# Work to be completed
Output the listing below verbatim, but drop the images.

# Source data
------------------------------------------------

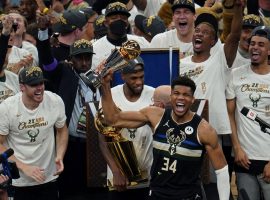 Giannis 'Greek Freak' Antetokounmpo celebrates winning his first championship with the Milwaukee Bucks and their first title since 1971. (Image: Paul Sancya/AP)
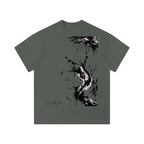 Solid dark green unisex t-shirt featuring a black ink splatter graphic design on the front and a classic round neckline.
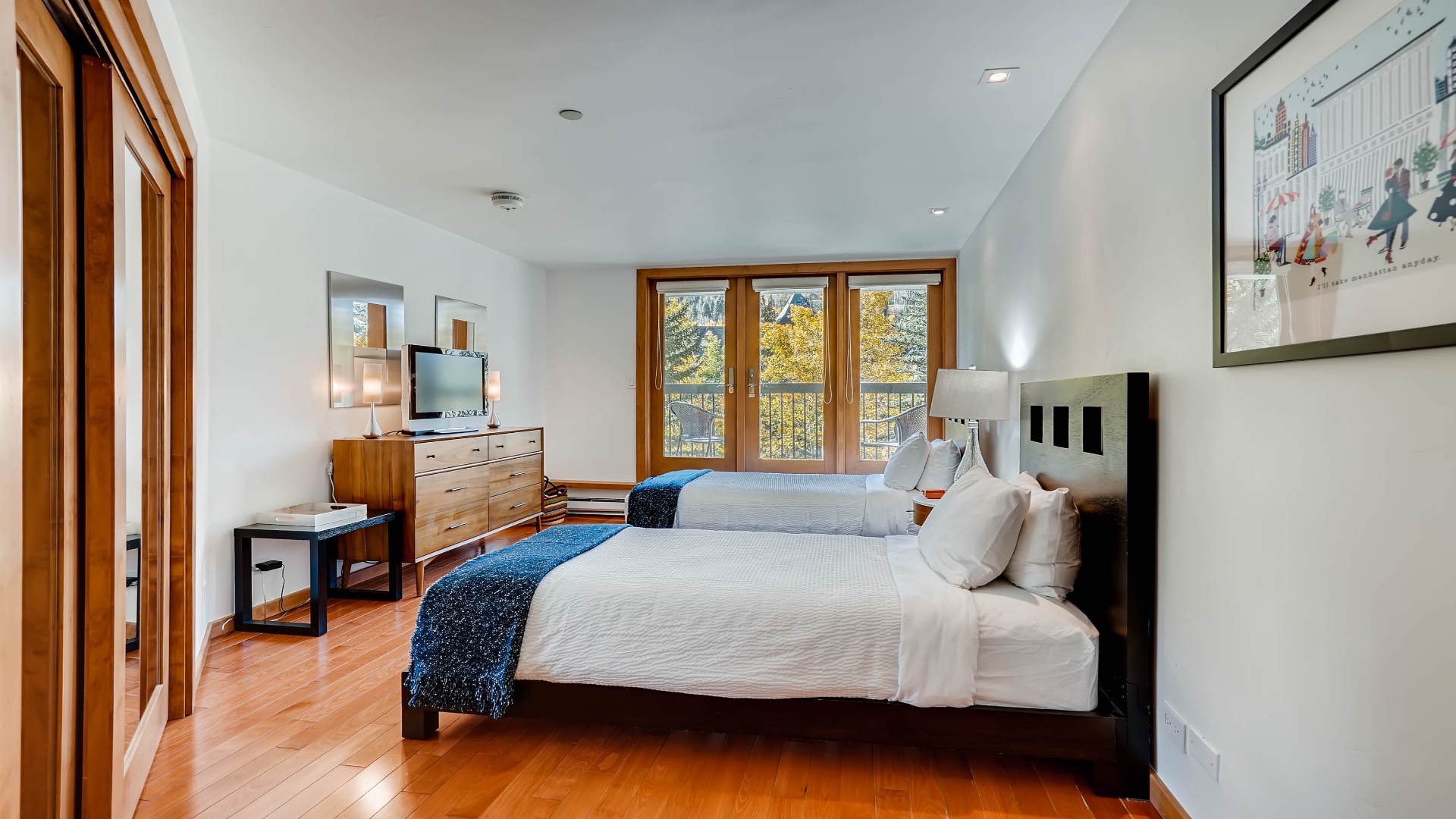 Wake up to natural light streaming through the tall windows in this bright, thoughtfully designed bedroom. Two plush beds await your restful stay, while warm wood accents create a welcoming retreat.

------------------------------------------------

# Response to the task
 Giannis 'Greek Freak' Antetokounmpo celebrates winning his first championship with the Milwaukee Bucks and their first title since 1971. (Image: Paul Sancya/AP)
 Solid dark green unisex t-shirt featuring a black ink splatter graphic design on the front and a classic round neckline.
 Wake up to natural light streaming through the tall windows in this bright, thoughtfully designed bedroom. Two plush beds await your restful stay, while warm wood accents create a welcoming retreat.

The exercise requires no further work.